The responsibility doesn’t rest solely on women to step up. It lies with the people who shape these platforms.

Conference organisers need to take a proactive stance. Waiting for diverse applicants to show up isn’t enough. Outreach has to be intentional. Mentorship programs that prepare women for public speaking, speaker development tracks within companies, and transparent selection processes can all help level the playing field.

Corporations have a critical role too. They decide who gets sponsored to attend, who gets the visibility, and who gets coached for it. If your organisation is sponsoring an event, you should be asking - how diverse is the speaker line-up we’re supporting? Are we sending women to speak, not just attend?

Leaders - men and women alike, should be advocating behind the scenes. Nominate a female colleague or recommend a rising leader. Sometimes the most powerful thing you can do is use your platform to build someone else’s.

Shifting The Norms, Not Just The Numbers

The goal is not to simply increase the count of female speakers. It’s to normalise the presence of women on stage as speakers. To reach a point where we don’t feel the need to point out the rarity, because it no longer is one.

A more gender-balanced conference stage is, more than fairer, smarter. It reflects the real workforce, inspires broader participation, and pushes conversations beyond traditional silos. It signals to the world that leadership is not a template, it’s a spectrum. When we champion female thought leadership, we address representation, while advancing business goals with fresh innovation and equity for all. It also benefits customer centricity, building organisations that are stronger, more adaptive, and more attuned to the world they serve.

The Road Ahead: Urging Decision-Makers To Introduce Change

Women speakers are not just participants. They bring depth, dimension, and live perspective to industry conversations. It reflects the reality of our evolving workforce and honours that women are already shaping outcomes behind the scenes. When those voices are heard more openly, industries benefit from dialogue that feels more grounded, relatable, and future-facing.
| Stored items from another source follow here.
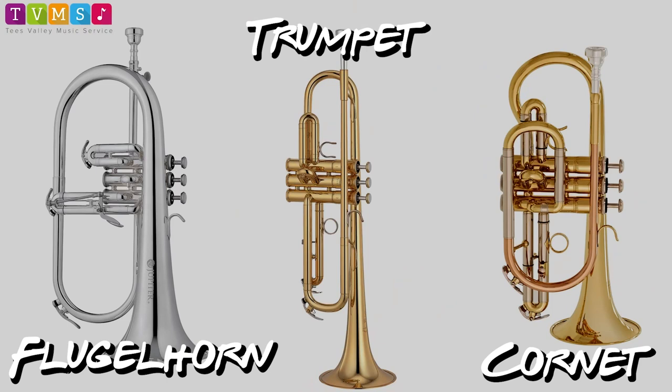The cornet and the flugelhorn — these are the smallest and highest-pitched instruments in the brass family. They sound really good, as demonstrated by Mr. Dan.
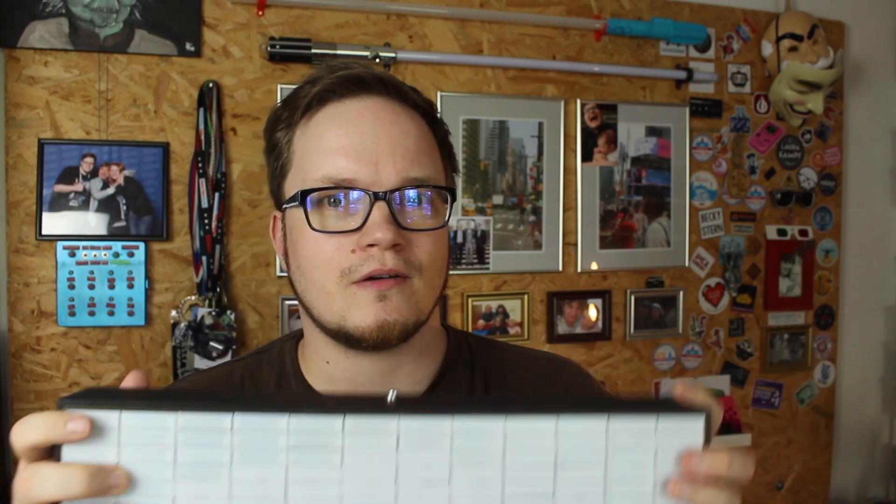My name is Dave and in today's episode we will build a MIDI controlled light box. You might recognize this design from Close Encounters of the Third Kind and that's exactly where I got the inspiration from. I thought about using the USB MIDI library on the Arduino Micro. Sounds good? Then let's get started.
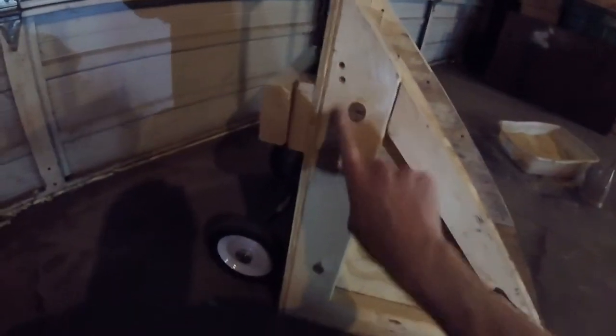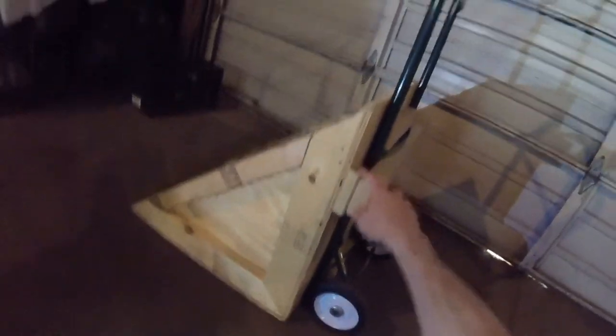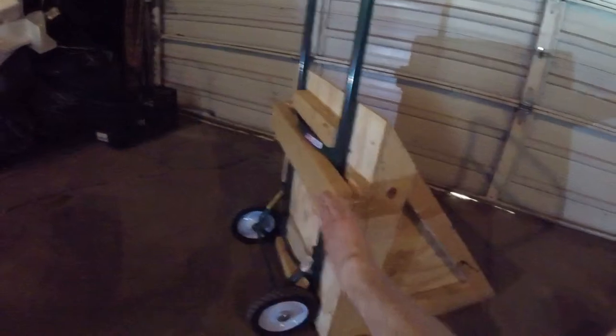It happens to line up with where I have my alignment blocks in the back. There are two alignment blocks which keep the hand truck from moving from side to side. I've screwed into the support blocks from the sides, and added a little spacer and one 2x4 across the back with four 4-inch screws in it. It's just about the only thing holding it on there, but it's fastened pretty securely. The two alignment blocks help to maintain the horizontal alignment and position.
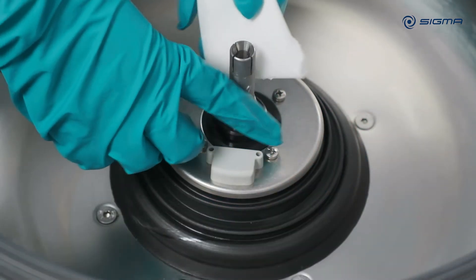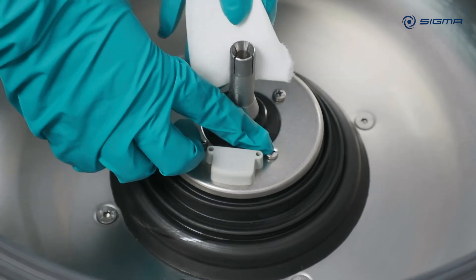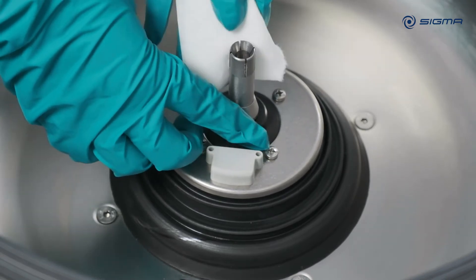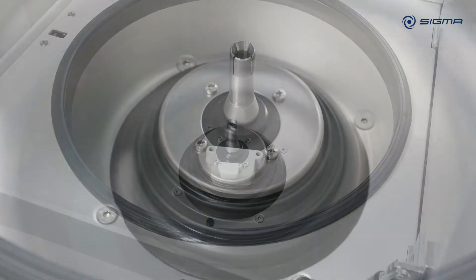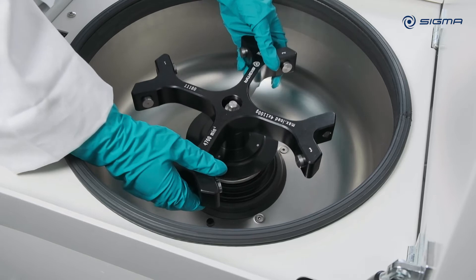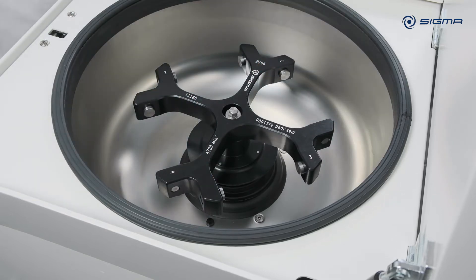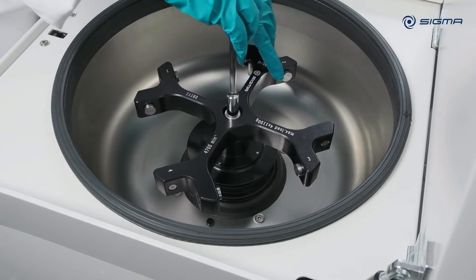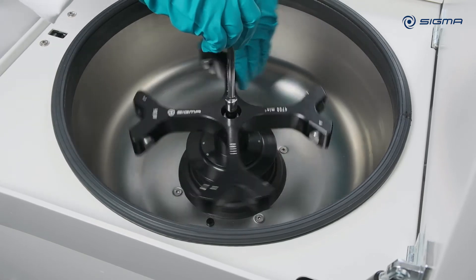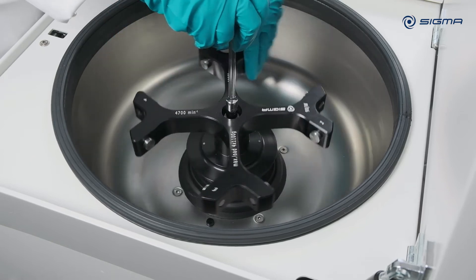After cleaning, lightly grease the motor shaft with a small amount of pin grease applied with a cloth. Tighten the rotor tie-down screw clockwise with the supplied rotor wrench. With heavy rotors, you should use a torque wrench for tightening.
This is a responsibility that rests not just on one group alone. Organisers, companies, and even attendees — all have a part to play in building spaces where speakership opportunities are more inclusive. The most lasting progress often begins with the quiet decision to do things more consciously - to invite, to encourage, and to make room. Every time a woman takes the stage, it signals what’s possible for the next generation. And over time, those moments build a culture where leadership reflects everyone it serves.